Mari Carmen Avila: J’ai été confrontée moi-même à cela par l’histoire de institution à laquelle j’appartiens. Jésus ne nous dit pas de pardonner à tout prix, n’importe comment. Face à une blessure profonde, personne ne peut être forcé au nom du Notre Père, de la justice ou de la charité à pardonner. C’est une démarche longue à la fois spirituelle et psychologique.
Je pense que l’on pourrait aussi parler de ‘degrés’ de pardon: sur la Croix Jésus ne pardonne pas lui même à ses agresseurs, il demande à son Père de leur pardonner parce qu’ils ne savent pas ce qu’ils font, c’est différent.
Thierry Collaud: Le devoir de l’Église est de créer des espaces où ce pardon puisse surgir comme une grâce. Le pardon ne peut être prescrit. Il n’est pas une simple parole dite à un moment donné, mais un processus. En disant à la victime tu dois pardonner, on crée chez elle une culpabilité. Il faut être dans la patience et admettre le temps long avec la possibilité d’allers-et-retours et l’existence d’éléments perturbateurs.

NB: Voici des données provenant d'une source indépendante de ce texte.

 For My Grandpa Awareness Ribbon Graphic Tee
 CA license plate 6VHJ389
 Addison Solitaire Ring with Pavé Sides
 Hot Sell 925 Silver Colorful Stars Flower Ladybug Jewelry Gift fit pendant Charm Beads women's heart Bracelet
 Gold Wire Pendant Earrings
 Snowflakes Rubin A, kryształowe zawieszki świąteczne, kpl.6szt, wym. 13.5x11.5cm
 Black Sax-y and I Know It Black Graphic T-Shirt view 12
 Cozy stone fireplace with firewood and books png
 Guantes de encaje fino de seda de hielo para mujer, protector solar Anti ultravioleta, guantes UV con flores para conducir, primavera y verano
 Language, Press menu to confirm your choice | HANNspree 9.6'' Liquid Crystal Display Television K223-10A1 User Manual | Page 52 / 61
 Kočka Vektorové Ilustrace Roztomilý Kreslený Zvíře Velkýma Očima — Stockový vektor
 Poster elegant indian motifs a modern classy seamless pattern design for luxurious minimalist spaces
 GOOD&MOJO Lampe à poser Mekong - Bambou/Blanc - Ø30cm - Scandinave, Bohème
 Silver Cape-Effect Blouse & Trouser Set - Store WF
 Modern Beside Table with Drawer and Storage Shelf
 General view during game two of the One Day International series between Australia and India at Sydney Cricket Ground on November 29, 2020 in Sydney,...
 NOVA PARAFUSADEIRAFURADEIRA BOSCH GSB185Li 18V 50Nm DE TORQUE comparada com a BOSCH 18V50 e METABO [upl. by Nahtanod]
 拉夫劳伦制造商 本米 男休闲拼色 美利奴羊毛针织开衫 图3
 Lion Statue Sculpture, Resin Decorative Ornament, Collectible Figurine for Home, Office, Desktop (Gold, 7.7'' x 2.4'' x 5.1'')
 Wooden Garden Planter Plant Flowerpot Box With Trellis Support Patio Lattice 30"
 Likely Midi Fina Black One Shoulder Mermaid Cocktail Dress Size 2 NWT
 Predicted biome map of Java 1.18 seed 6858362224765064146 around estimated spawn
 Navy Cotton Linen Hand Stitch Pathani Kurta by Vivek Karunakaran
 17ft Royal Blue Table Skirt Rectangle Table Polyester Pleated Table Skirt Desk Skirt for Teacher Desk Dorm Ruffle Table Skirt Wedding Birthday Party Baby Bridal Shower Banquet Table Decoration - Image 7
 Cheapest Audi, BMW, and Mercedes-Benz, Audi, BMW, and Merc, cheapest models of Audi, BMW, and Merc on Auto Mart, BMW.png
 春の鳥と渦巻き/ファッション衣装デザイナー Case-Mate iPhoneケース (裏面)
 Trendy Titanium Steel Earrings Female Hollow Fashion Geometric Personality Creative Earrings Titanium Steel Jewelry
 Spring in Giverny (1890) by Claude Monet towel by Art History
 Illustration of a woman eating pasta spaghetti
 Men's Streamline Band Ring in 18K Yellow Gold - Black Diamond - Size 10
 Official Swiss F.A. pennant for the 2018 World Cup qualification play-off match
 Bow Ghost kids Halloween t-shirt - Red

Le pardon n’est ni l’oubli, ni l’excuse. Pour pardonner, la condition est de reconnaître de part et d’autre l’acte mauvais. Il faut un accord sur cette mémoire commune. Pardonner ne veut pas dire renoncer à juger l’acte en disant: ‘On n’en parle plus’. Ce qui revient à du déni. Cela nécessite un vrai travail.
Et du côté de la victime?
CA: Lorsqu’on a subi un abus, cela peut prendre beaucoup de temps jusqu’à parvenir à en parler. Souvent les personnes victimes d’abus ressentent une culpabilité personnelle qui découle de l’impression d’avoir une responsabilité dans ce qui leur est arrivé. Or il est important de rassurer la personne et de lui faire comprendre que, si elle est victime, elle n’est pas coupable. Ensuite il lui faudra s’approcher de l’Église ou d’un service d’aide aux victimes indépendant.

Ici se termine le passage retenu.